Short descriptive text snippets
--- START ---

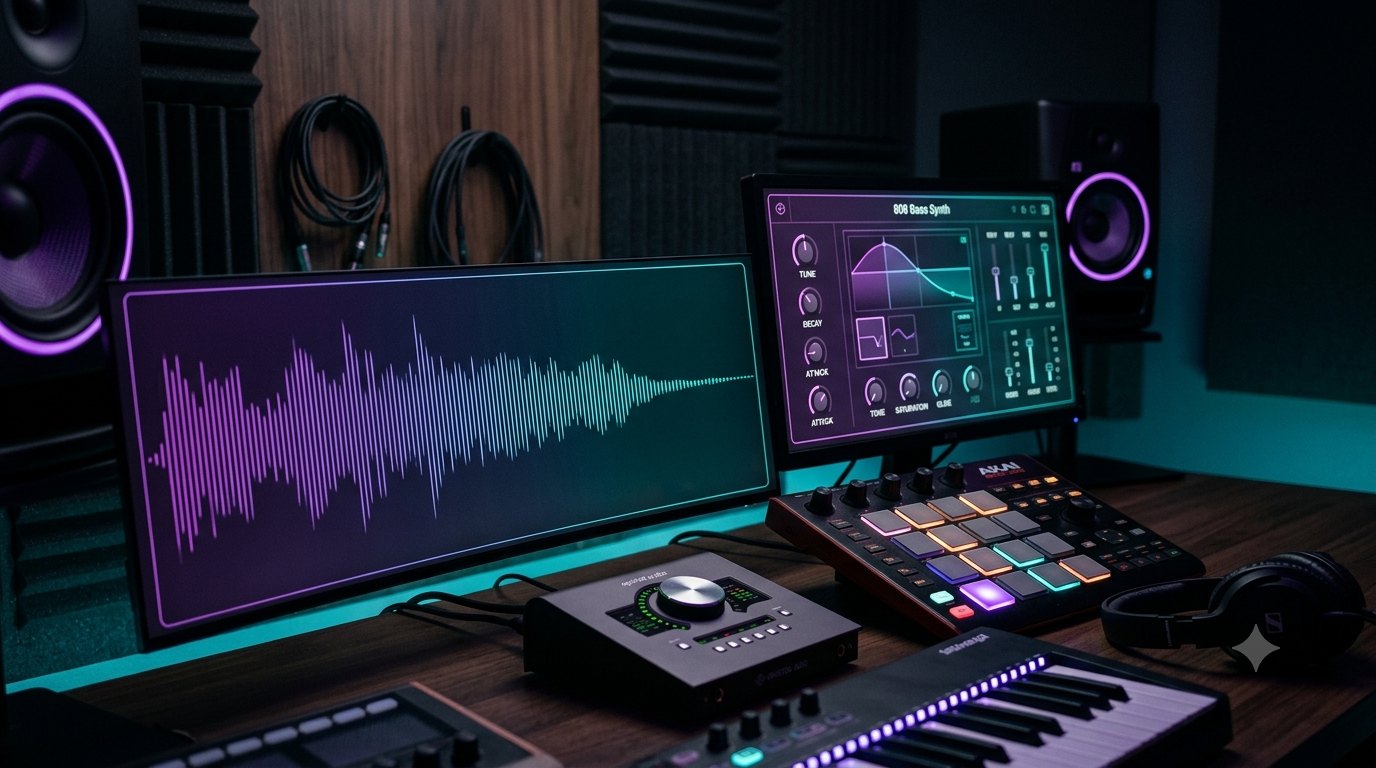 808音源の選び方｜無料サンプル・808 Studio 2・SubLab XL・Serum 2自作の比較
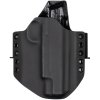 OWB - 1911 Rail 5" - vnější kydexové pouzdro - poloviční sweatguard - černá/černá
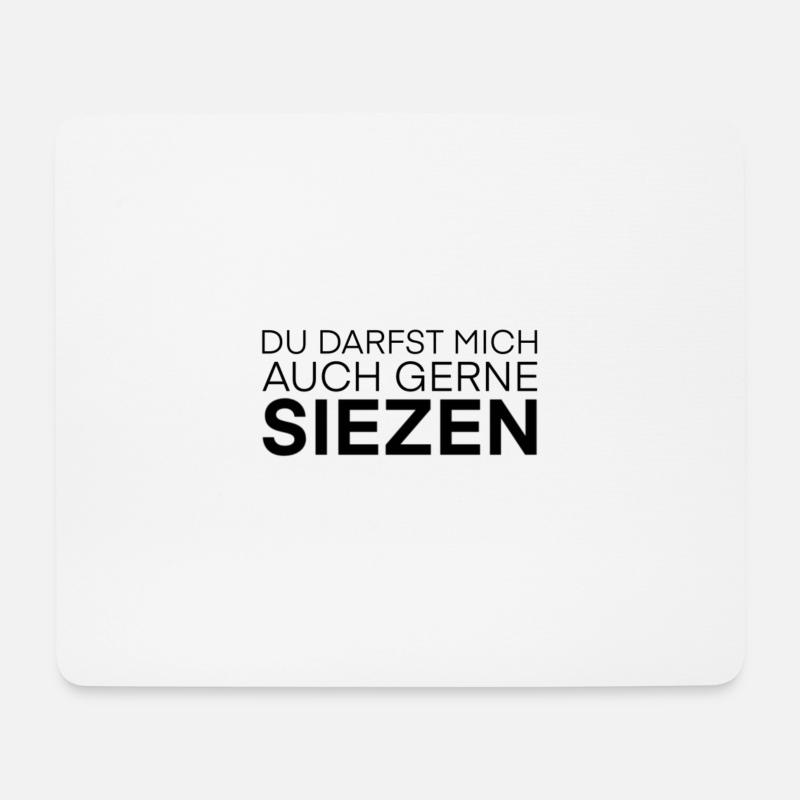 Du darfst mich auch gerne siezen - Mousepad (Querformat) - Weiß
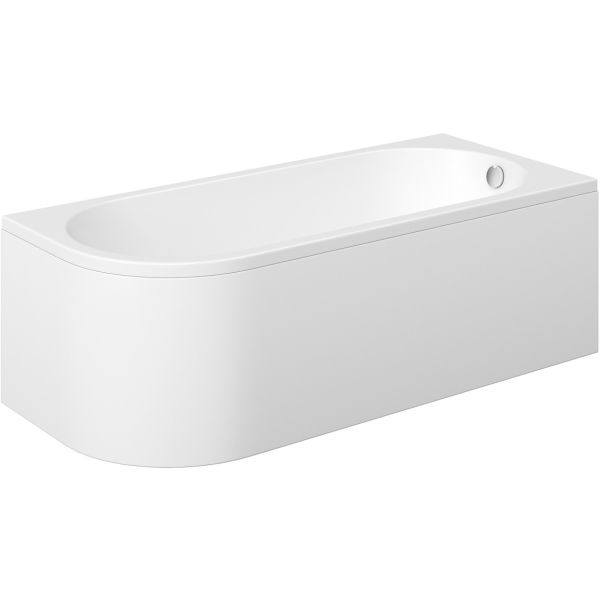 Acquire J Shape 1700x725x600mm 0TH Bath w/Legs (RH)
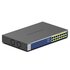 Netgear GS516PP Non gestito Gigabit PoE Blu, Grigio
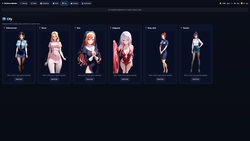 WaifuCardBattle [v0.1] [Lokygame0] screenshot 2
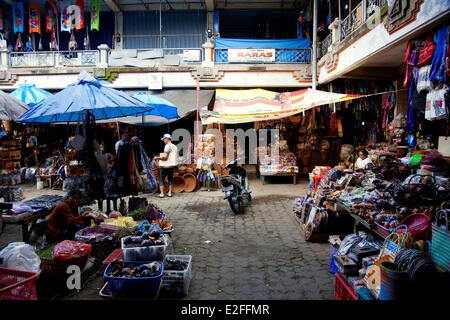 Indonesien, Bali, Ubud, Pasar Seni, der Kunsthandwerksmarkt Stockfoto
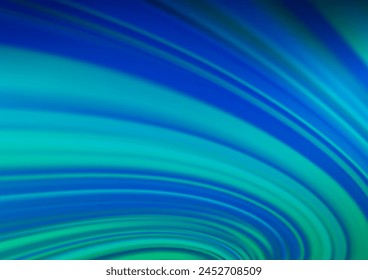 Light BLUE vector glossy abstract template. An elegant bright illustration with gradient. A new texture for your design.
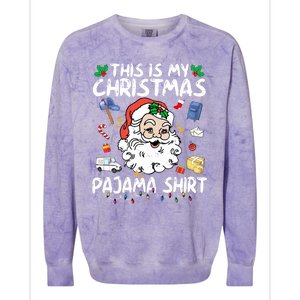 Santa Postal Worker Delivery This Is My Christmas Pajama Gift Colorblast Crewneck Sweatshirt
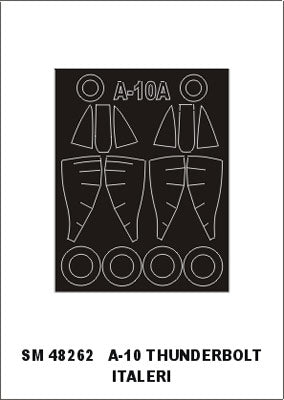 Montex MXSM48262 1:48 Fairchild A-10A Thunderbolt canopy frame paint masks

--- END ---

● **Problem description**
Although the records above contain pictures, the copy must not; set down exactly the lines from the one with "Du darfst mich" up to and including the one with "WaifuCardBattle [v0.1] [Lokygame0]".

● **Solution for this task**
 Du darfst mich auch gerne siezen - Mousepad (Querformat) - Weiß
 Acquire J Shape 1700x725x600mm 0TH Bath w/Legs (RH)
 Netgear GS516PP Non gestito Gigabit PoE Blu, Grigio
 WaifuCardBattle [v0.1] [Lokygame0] screenshot 2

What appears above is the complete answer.